Funded by: USAID
Bangladesh continues to have one of the most severe problems of child malnutrition in the world. Nation-wide, 48 percent of children under five are underweight and 45 percent are stunted. In urban slums, rates of child malnutrition are even higher. Malnutrition rates rise very steeply and peak among children of weaning-age (6 to 23 months) and are clearly related to inappropriate feeding practices and to the high burden of disease particularly in this age group.
The GOB's current approach to the prevention and management of child malnutrition in rural Bangladesh is based on a "vertical" approach that requires the establishment of a separate, NGO-managed infrastructure for nutrition status assessments and nutrition counselling and for targeted supplementation of severely malnourished and growth-faltering children. Replicability and affordability of this approach in urban Bangladesh is doubtful. ICDDR,B has therefore tested the feasibility and effectiveness of an alternative, clinic-based approach that focuses on the identification and outpatient management of severe malnutrition among clinic-attending children of weaning age. This approach has succeeded in rehabilitating 60 percent of such children from severe to only moderate malnutrition, even though three-fourths of them came from slum households.
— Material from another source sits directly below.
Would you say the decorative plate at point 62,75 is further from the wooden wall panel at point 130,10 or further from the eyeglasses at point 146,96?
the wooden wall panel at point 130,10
Eighty-four percent of improved children who could still be contacted six months later had sustained or even further improved on their nutrition status at recovery.
If cost-efficient, outpatient management of severe child malnutrition could be considered for replication at all urban NGO clinics funded under NIPHP. ICDDR,B is, therefore, also analyzing the costs of this intervention. This cost study considers both the provider costs incurred by the participating clinics and the costs incurred by the children's caretakers and households. For provider costs, the study looks at the time costs of existing staff and at the costs of incremental inputs, such as salaries and allowances of clinic-based Nutrition Counsellors, and costs of supplies and equipment. With respect to caretakers and households, the study considers their time costs as well as the incremental costs of children's improved diets.
Results of the cost analysis will be reported by the end of September 2003.